[[ SOURCE INFORMATION, beginning ]]

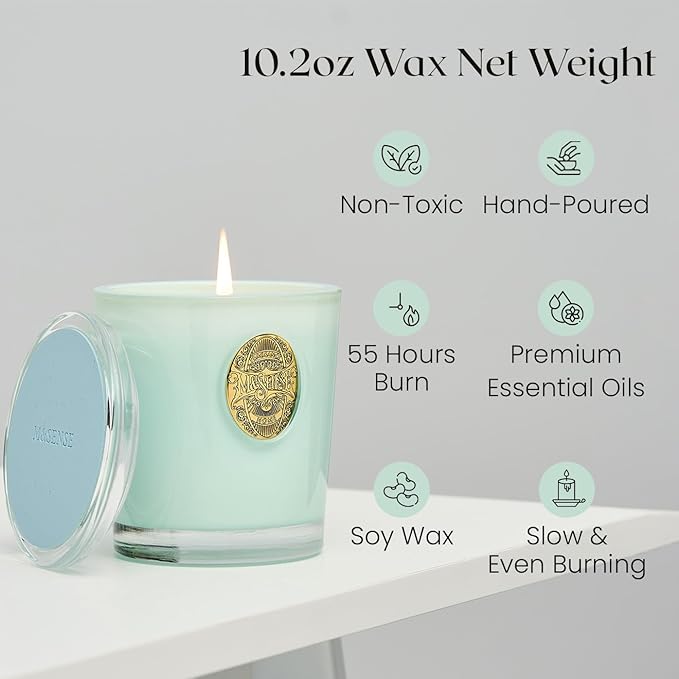 M&SENSE Natural Soy Candle| Basil Wild Mint Green | 10.2 oz, 55H Burn | Luxury Scented Candle for Relaxation, Gifting, Home Décor | for Bedroom, Office, Party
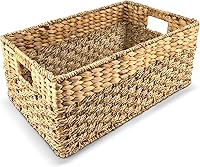 RUSTICHOMERESOURCES Medium Natural Seagrass & Hyacinth Wicker Storage Basket with Handles - 15.5x9.5x6.5in Rectangular Shelf Organizer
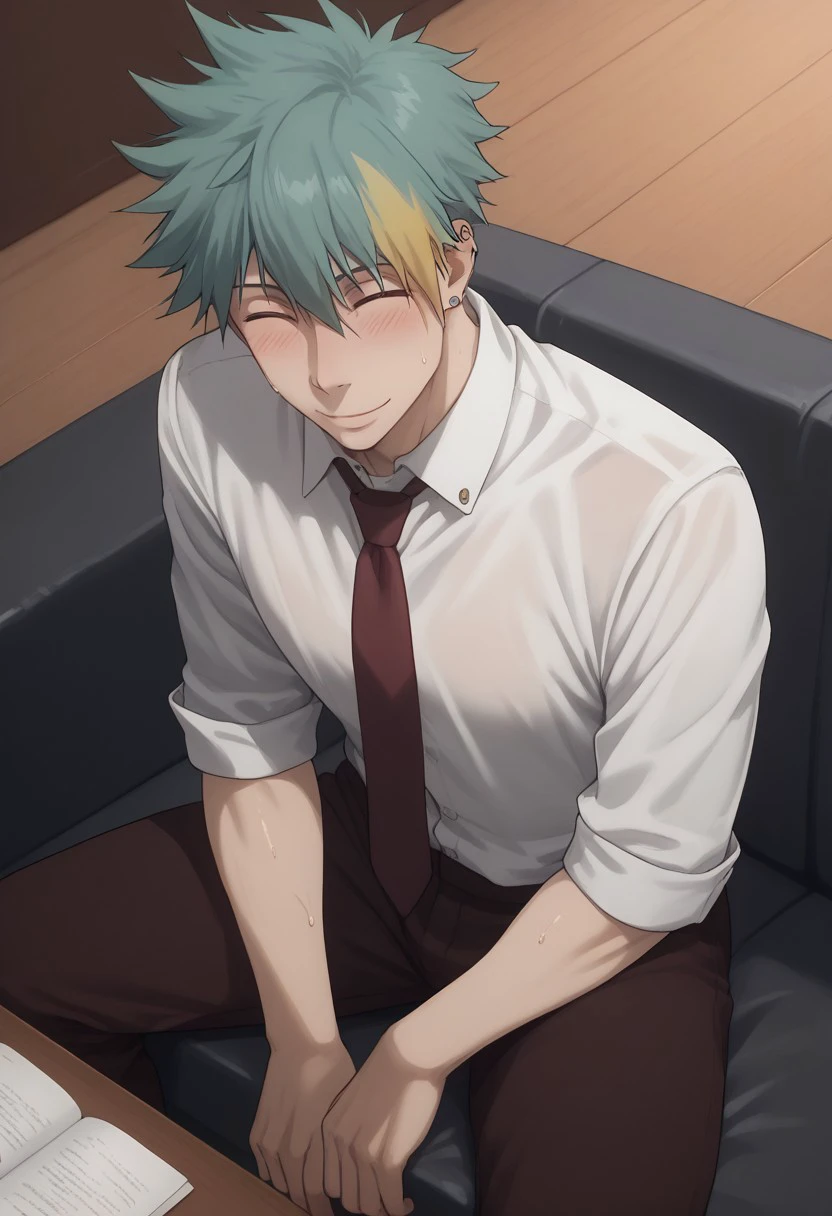 score_9, score_8_up, score_7_up, source_anime, rating_explicit, Claveath, 1boy, male focus, collared white shirt, buttons, red necktie, dark brown pants, smile, sitting-leaning, on black couch, sweating, blushing, piercings, hands with five fingers, wet clothes, indoors, plant, from above, looking at viewer,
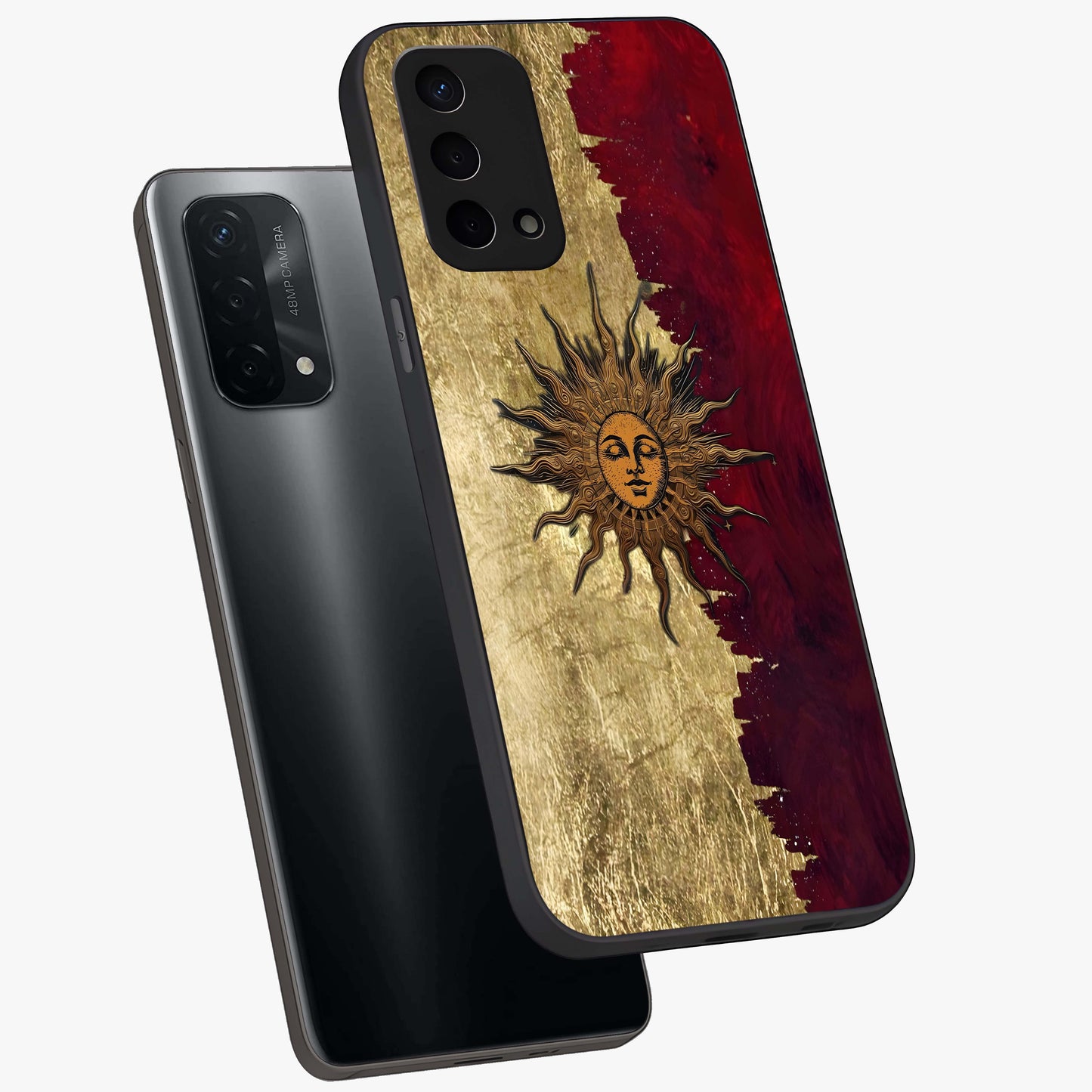 Crimson Sun Majesty Glass Case displayed in angled mockup highlighting majestic crimson sun design with bold aesthetic style.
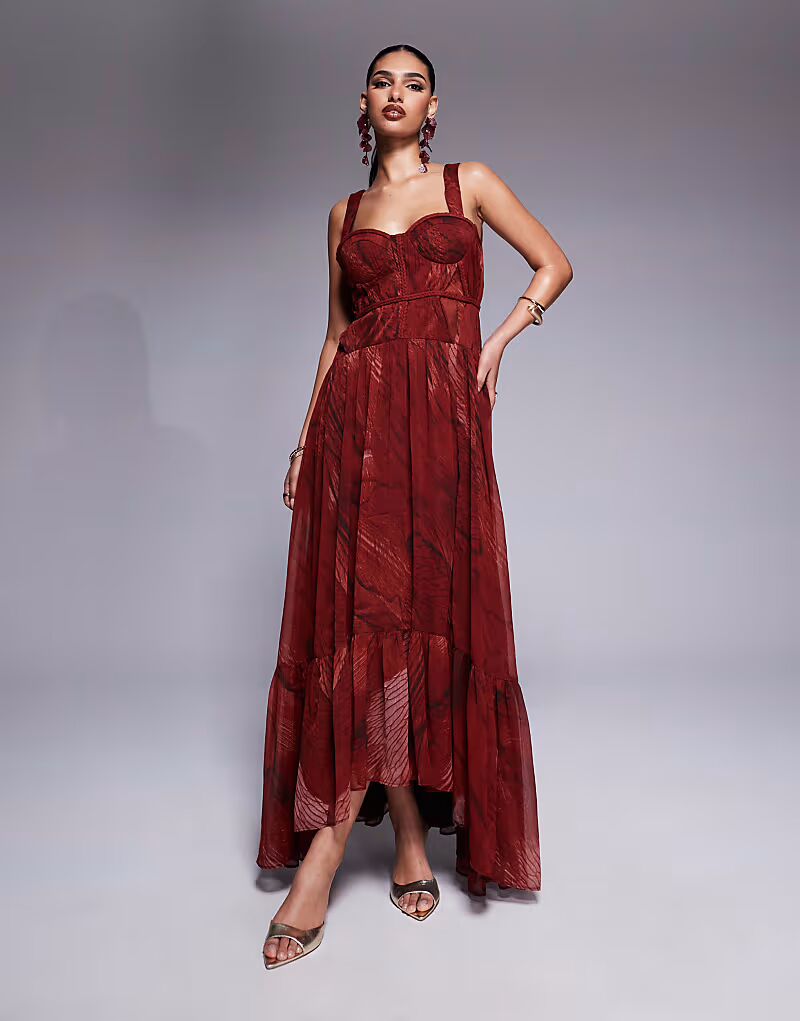 

Платье макси ASOS DESIGN с косичками и чашками на бюсте с красным абстрактным принтом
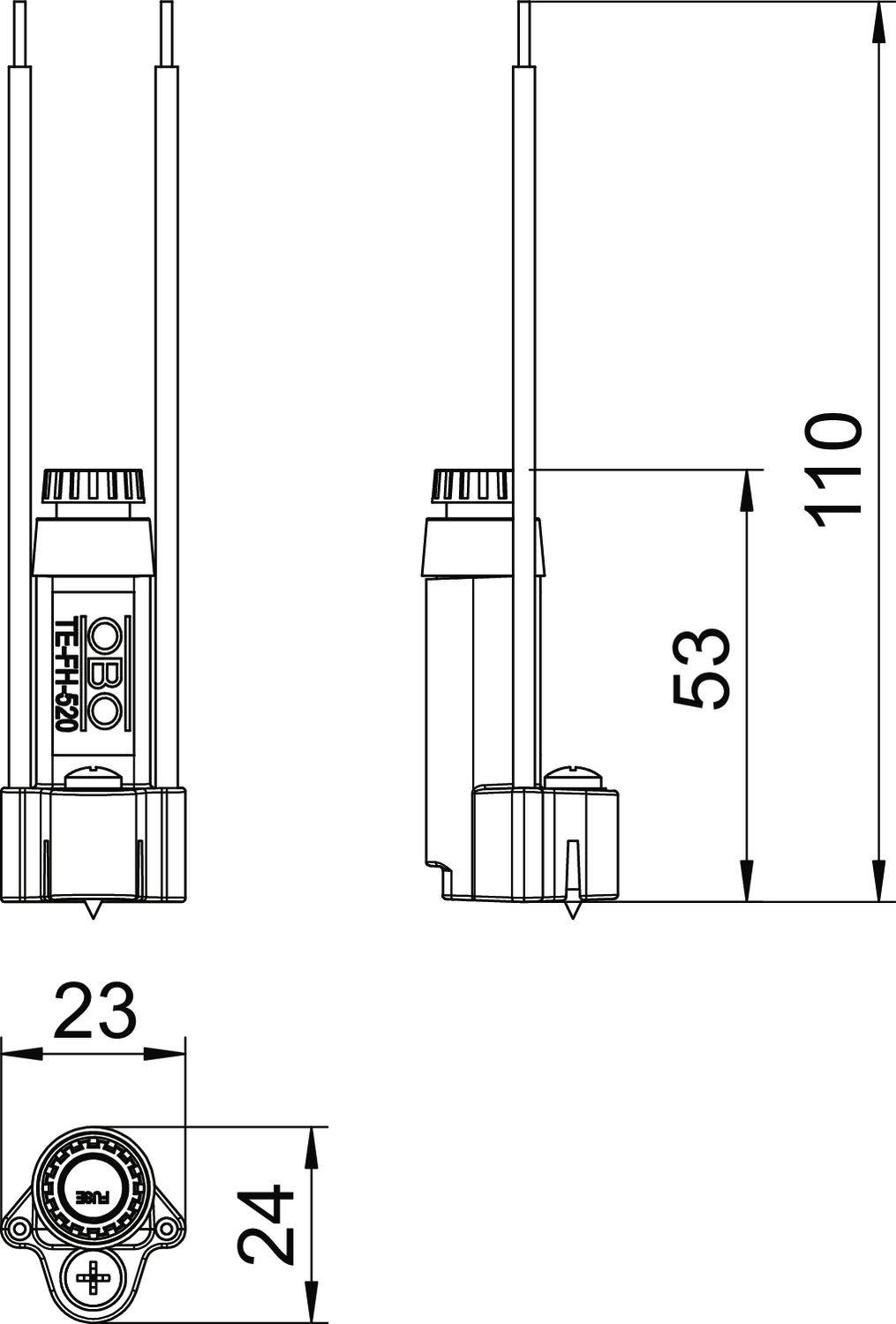 Technický výkres senzoru s jeho rozměry. Výška 110 mm, šířka 23 mm, hloubka 24 mm. Zobrazeny boční a přední pohled.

[[ SOURCE INFORMATION, end ]]

TASK =
Write out word for word the lines of the listing above from the line with "RUSTICHOMERESOURCES Medium Natural" to the line with "Платье макси ASOS", taking in both of those lines but no pictures.

ANSWER TO THE EXERCISE =
 RUSTICHOMERESOURCES Medium Natural Seagrass & Hyacinth Wicker Storage Basket with Handles - 15.5x9.5x6.5in Rectangular Shelf Organizer
 score_9, score_8_up, score_7_up, source_anime, rating_explicit, Claveath, 1boy, male focus, collared white shirt, buttons, red necktie, dark brown pants, smile, sitting-leaning, on black couch, sweating, blushing, piercings, hands with five fingers, wet clothes, indoors, plant, from above, looking at viewer,
 Crimson Sun Majesty Glass Case displayed in angled mockup highlighting majestic crimson sun design with bold aesthetic style.

Платье макси ASOS DESIGN с косичками и чашками на бюсте с красным абстрактным принтом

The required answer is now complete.